Exercise data

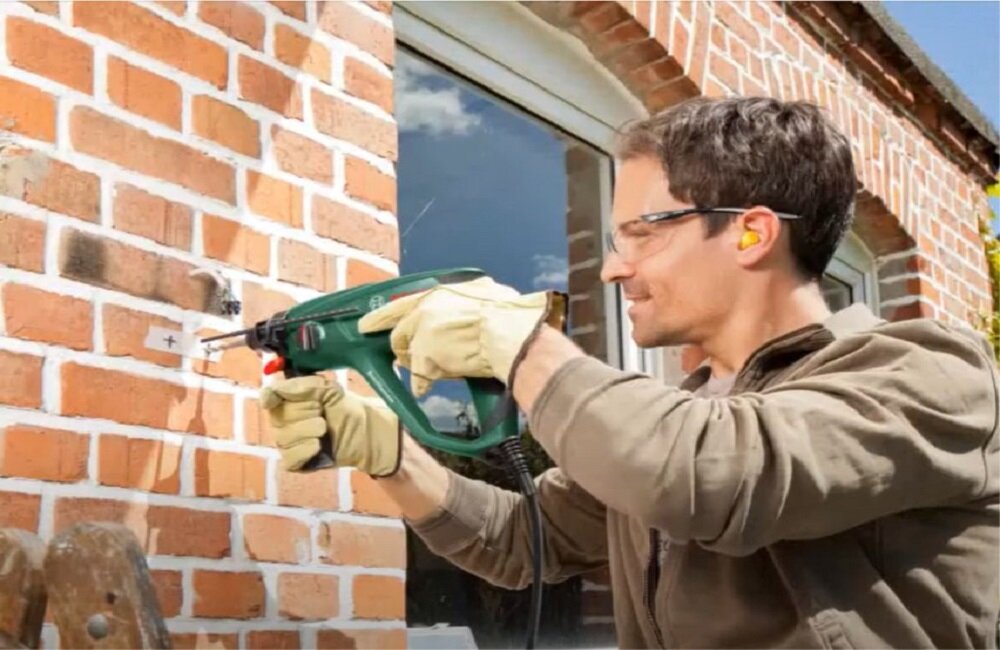 Młot udarowo obrotowy BOSCH PBH 2500 RE Komfortowa praca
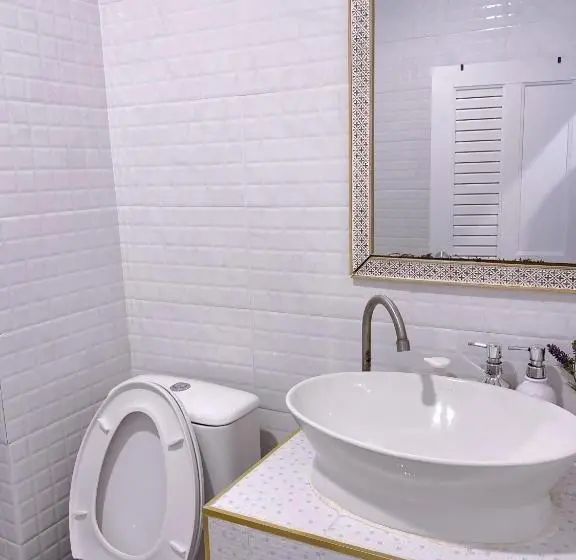 スタンダードトリプルルーム, Zleepinezz Hostel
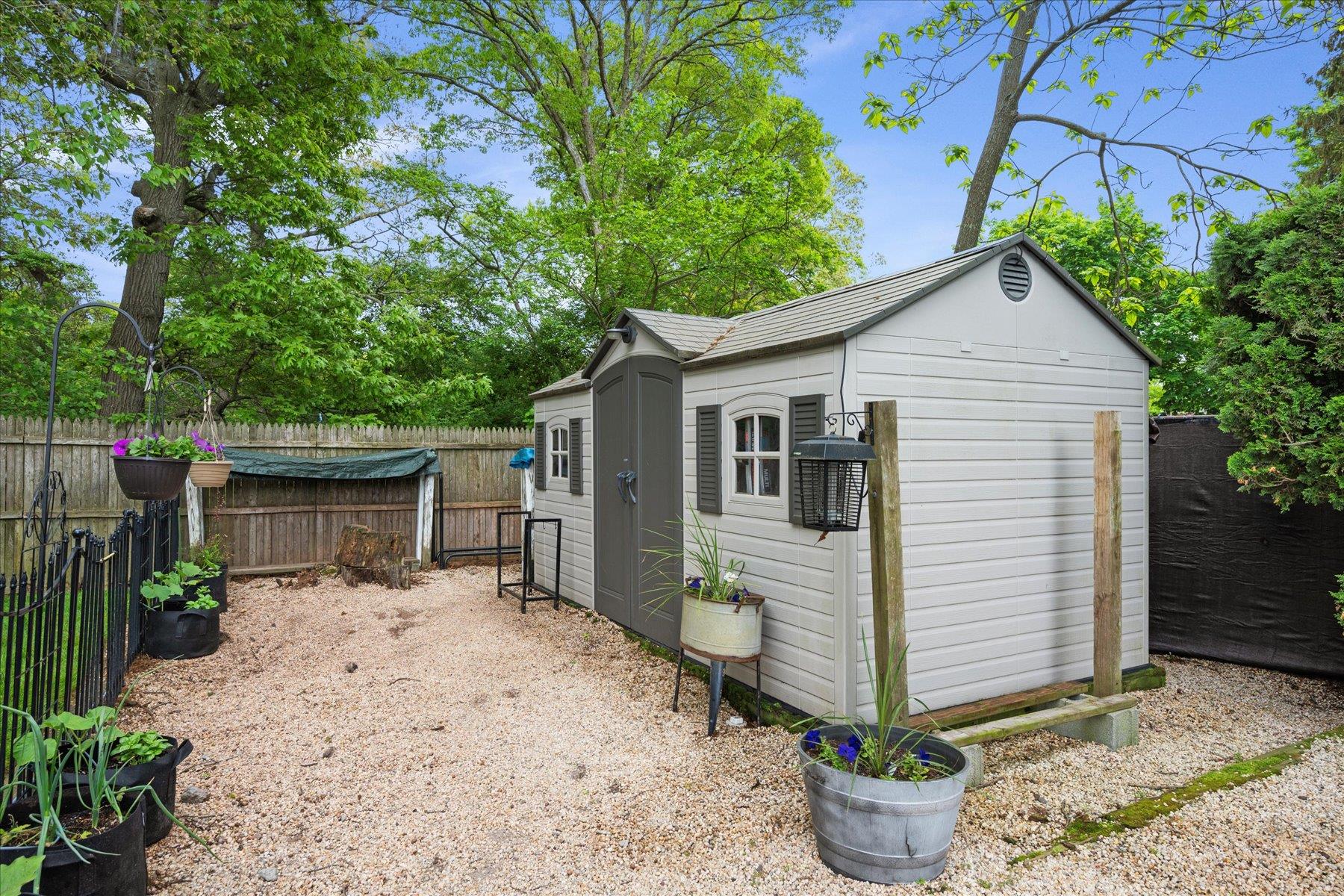 East Moriches, New York, 11940, United States, 3 Bedrooms Bedrooms, ,1 BathroomBathrooms,Residential,For Sale,1837952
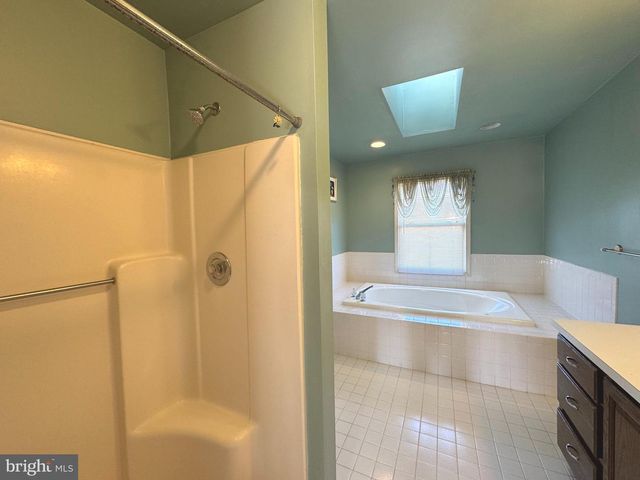 2530 KLOCKNER RD, Hamilton, NJ 08690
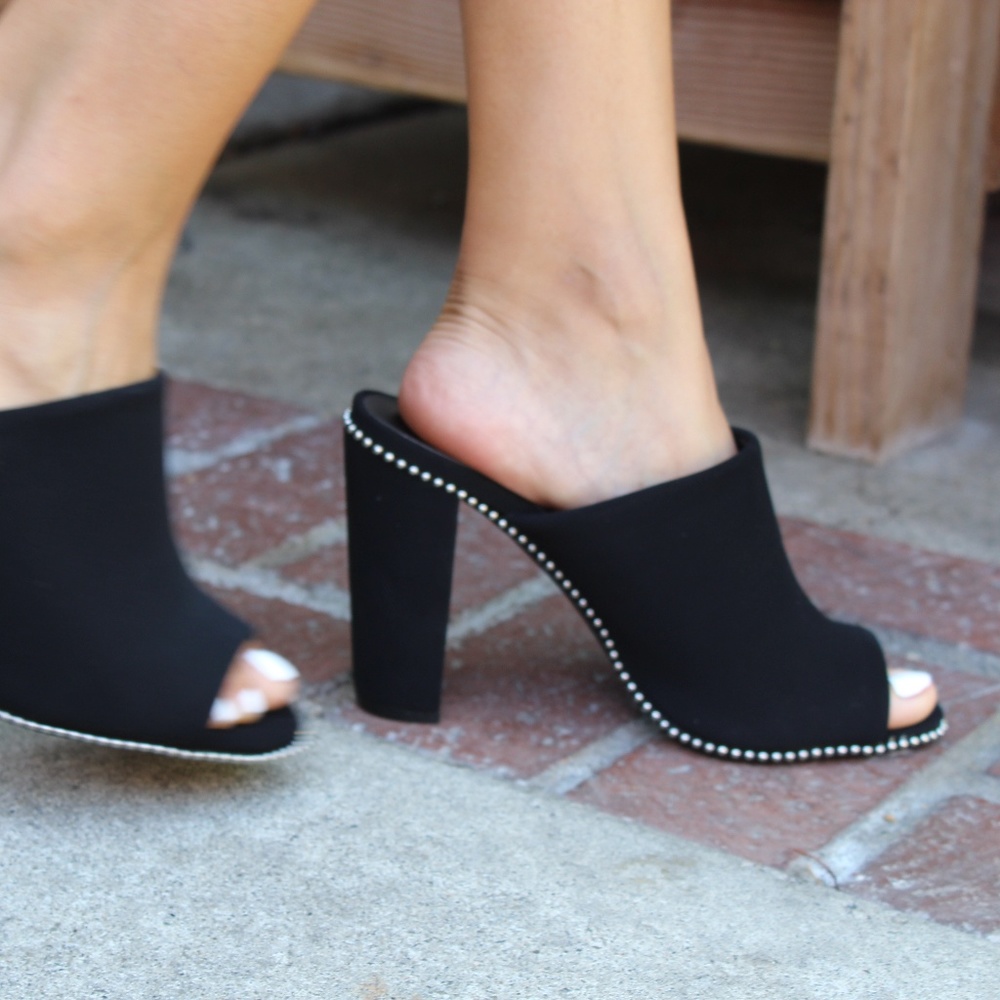 🚨LAST PAIR!//The Tess// Black studded Mule - Picture 4 of 6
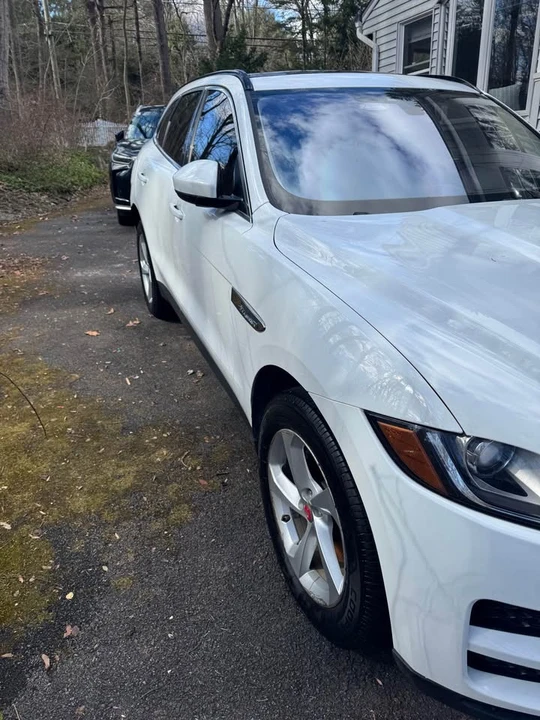 2019 Jaguar F-Pace - Image 3 of 10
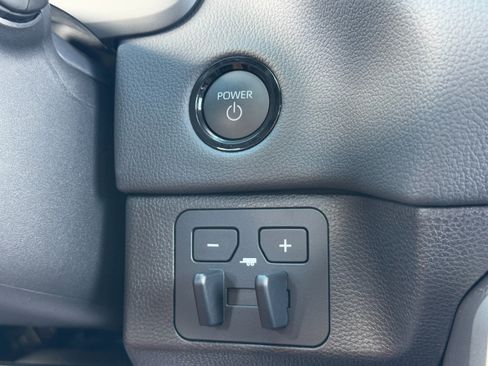 Used 2025 Toyota Sequoia SR5 image 23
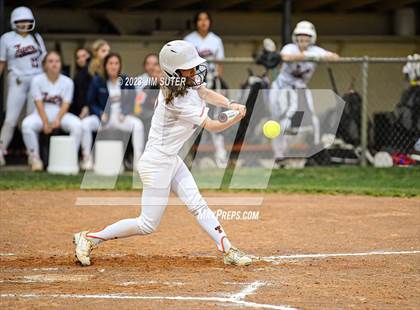 Thumbnail 1 in Smithville vs Giddings photogallery.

What you have to do
Exact copy, no pictures: reproduce every entry shown above.

Solution to the problem
 Młot udarowo obrotowy BOSCH PBH 2500 RE Komfortowa praca
 スタンダードトリプルルーム, Zleepinezz Hostel
 East Moriches, New York, 11940, United States, 3 Bedrooms Bedrooms, ,1 BathroomBathrooms,Residential,For Sale,1837952
 2530 KLOCKNER RD, Hamilton, NJ 08690
 🚨LAST PAIR!//The Tess// Black studded Mule - Picture 4 of 6
 2019 Jaguar F-Pace - Image 3 of 10
 Used 2025 Toyota Sequoia SR5 image 23
 Thumbnail 1 in Smithville vs Giddings photogallery.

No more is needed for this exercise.